Common types of bias that can affect a research study and some measures that may prevent them.
| Name | Explanation | Prevention |
|---|---|---|
| Allocation bias | Systematic difference in the assignment of participants to the treatment and control group in a clinical trial. For example, the investigator knows or can predict which intervention the next eligible patient is supposed to receive due to poorly concealed randomization. | - Randomization with allocation concealment |
| Attrition bias | Attrition occurs when participants leave during a study that aims to explore the effect of continuous exposure (dropouts or withdrawal). For example, more dropouts of patients randomized to an aggressive cancer treatment. | - Good investigator–patient communication |
| Confounding bias | An artificial association between an exposure and an outcome because another variable is related to both the exposure and outcome. For example, lung cancer risk in coffee drinkers is evaluated, ignoring smoking status (smoking is associated with both coffee drinking and cancer). A challenge is that many confounders are unknown and/or not measured. | - Randomization (can address unmeasured confounders) |
| Immortal time bias | Survival beyond a certain time point is necessary in order to be exposed (participants are “immortal” in that time period). For example, discharged patients are analyzed but were included in the treatment group only if they filled a prescription for a drug 90 days after discharge from hospital. | - Group assignment at time zero |
| Information bias | Bias that arises from systematic differences in the collection, recall, recording, or handling of information. For example, blood pressure in the treatment arm is measured in the morning and for the control arm in the evening. | - Standardized data collection |
| Publication bias | Occurs when only studies with a positive or negative result are published. Affects meta-analyses from systematic reviews and harms evidence-based medicine | - Writing a study protocol and preregistration |
For a comprehensive collection, see catalogofbias.org.

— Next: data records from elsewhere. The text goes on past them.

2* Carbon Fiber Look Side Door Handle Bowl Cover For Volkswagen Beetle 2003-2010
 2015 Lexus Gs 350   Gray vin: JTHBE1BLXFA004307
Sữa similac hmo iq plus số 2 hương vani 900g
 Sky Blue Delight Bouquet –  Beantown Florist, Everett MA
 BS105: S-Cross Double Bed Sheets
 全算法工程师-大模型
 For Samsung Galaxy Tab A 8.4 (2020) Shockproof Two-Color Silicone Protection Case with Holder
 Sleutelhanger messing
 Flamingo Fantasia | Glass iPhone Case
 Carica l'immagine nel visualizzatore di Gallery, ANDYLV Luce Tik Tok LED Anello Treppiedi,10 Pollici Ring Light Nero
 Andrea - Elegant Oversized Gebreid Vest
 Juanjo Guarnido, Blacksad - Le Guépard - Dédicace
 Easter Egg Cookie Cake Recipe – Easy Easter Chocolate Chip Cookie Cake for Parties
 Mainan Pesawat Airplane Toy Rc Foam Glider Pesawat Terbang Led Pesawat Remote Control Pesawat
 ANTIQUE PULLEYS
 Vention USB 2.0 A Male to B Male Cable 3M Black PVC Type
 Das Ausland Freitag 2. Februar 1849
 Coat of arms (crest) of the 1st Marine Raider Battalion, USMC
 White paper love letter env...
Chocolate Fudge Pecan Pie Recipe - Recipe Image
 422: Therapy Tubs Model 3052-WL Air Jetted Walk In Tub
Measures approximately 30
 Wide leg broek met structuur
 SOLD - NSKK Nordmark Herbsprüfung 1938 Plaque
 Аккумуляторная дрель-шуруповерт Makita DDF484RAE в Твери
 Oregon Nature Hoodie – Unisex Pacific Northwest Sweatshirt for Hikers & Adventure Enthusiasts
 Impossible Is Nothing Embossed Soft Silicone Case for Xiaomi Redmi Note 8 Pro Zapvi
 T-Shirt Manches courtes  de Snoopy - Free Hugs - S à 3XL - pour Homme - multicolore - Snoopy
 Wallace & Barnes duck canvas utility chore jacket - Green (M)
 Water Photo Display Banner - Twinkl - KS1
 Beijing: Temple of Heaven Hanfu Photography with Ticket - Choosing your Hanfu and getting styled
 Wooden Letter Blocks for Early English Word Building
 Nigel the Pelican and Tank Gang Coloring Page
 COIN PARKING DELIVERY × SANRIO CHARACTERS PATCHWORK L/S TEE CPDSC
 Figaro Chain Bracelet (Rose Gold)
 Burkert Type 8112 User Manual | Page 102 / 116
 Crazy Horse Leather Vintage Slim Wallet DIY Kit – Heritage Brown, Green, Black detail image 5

Examples of reporting guidelines for different study types.
| Guideline name | Study type |
|---|---|
| ARRIVE | Animal experiments |
| CONSORT | Randomized trials |
| STROBE | Observational studies |
| PRISMA | Systematic reviews |
| SPIRIT | Study protocols |
| STARD/TRIPOID | Diagnostic/prognostic studies |
The EQUATOR Network is a library with more than 400 reporting guidelines in health research (www.equator-network.org).